[The data Boundary: Start]

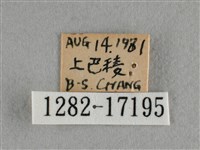 散紋盛蛺蝶藏品圖，第3張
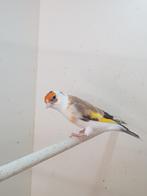 Majoor putter, Dieren en Toebehoren, Vogels | Overige Vogels, Vrouwelijk, Wildzangvogel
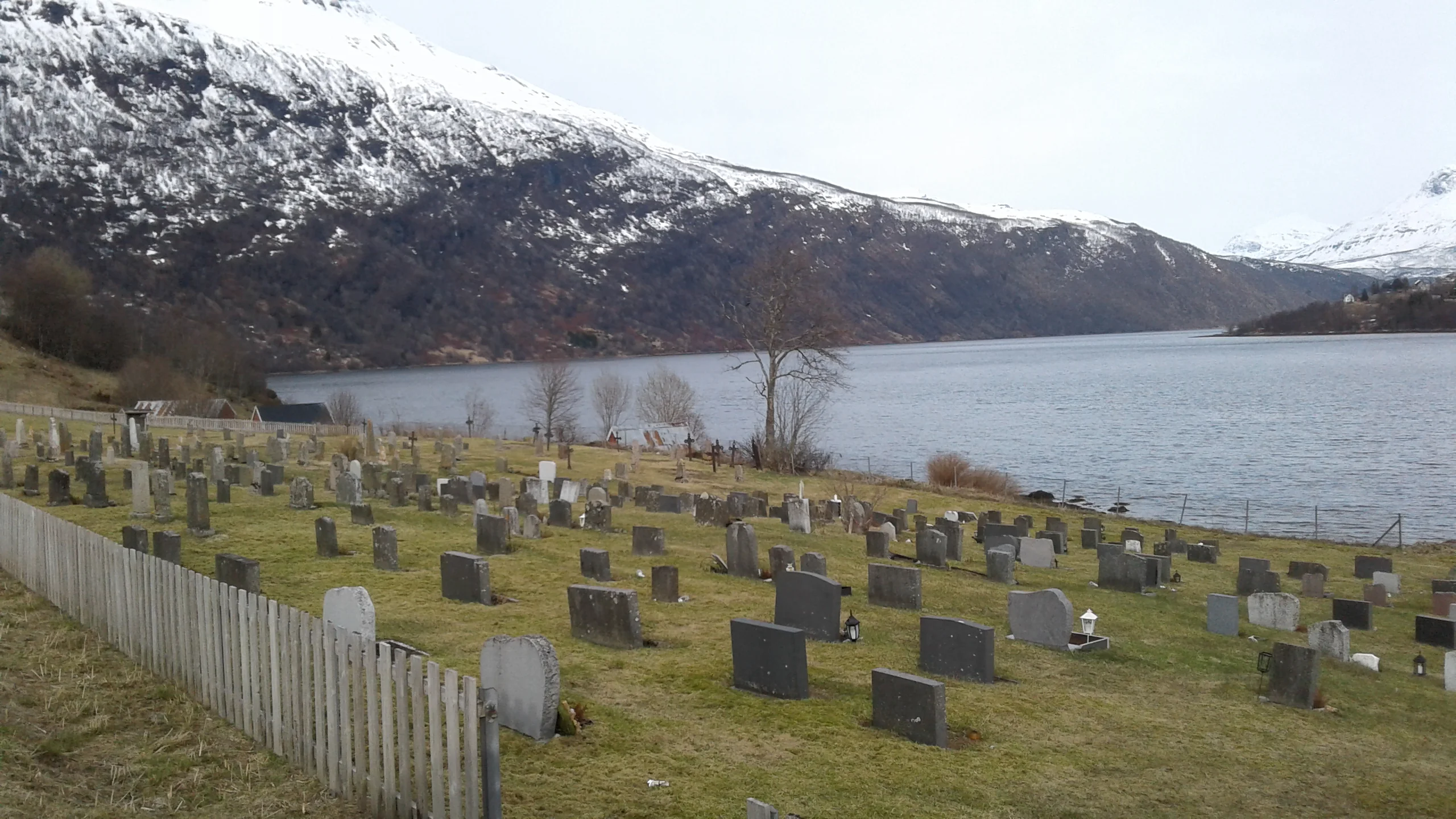 Arstein 
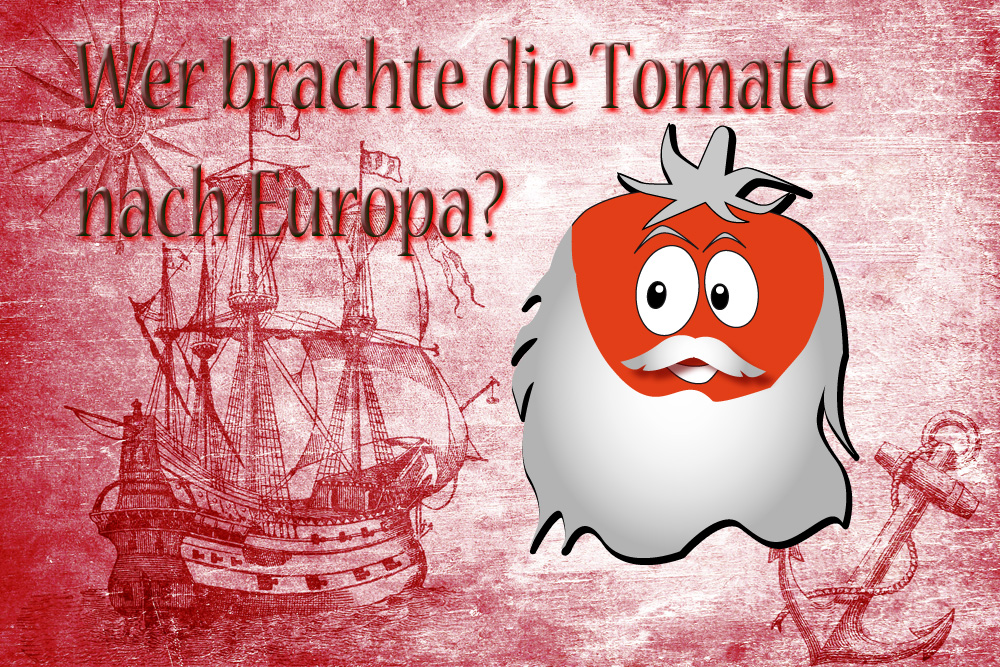 Wer hat die Tomate nach Europa gebracht? | Herkunft &amp; Ursprung - Tomaten.de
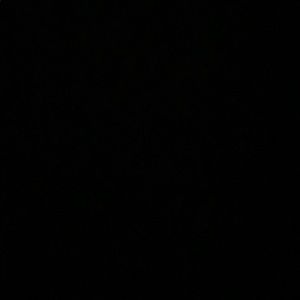 Meet your Posher, Delaney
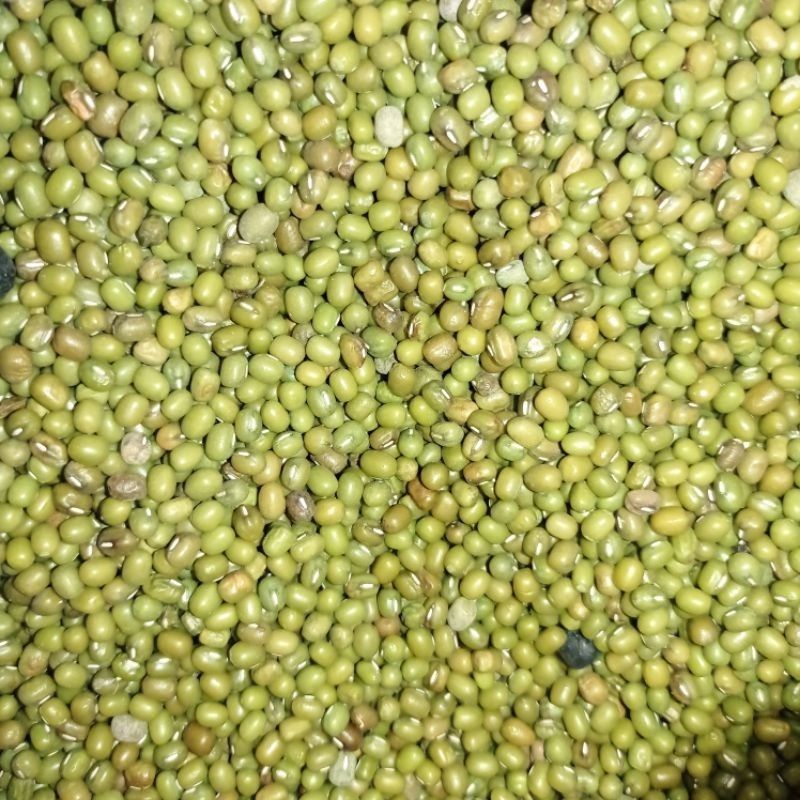 

Kacang Hijau 250gr - AMR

[The data Boundary: End]

Assignment:
Repeat every record above exactly, except the pictures.

Solution to the problem:
 散紋盛蛺蝶藏品圖，第3張
 Majoor putter, Dieren en Toebehoren, Vogels | Overige Vogels, Vrouwelijk, Wildzangvogel
 Arstein 
 Wer hat die Tomate nach Europa gebracht? | Herkunft &amp; Ursprung - Tomaten.de
 Meet your Posher, Delaney

Kacang Hijau 250gr - AMR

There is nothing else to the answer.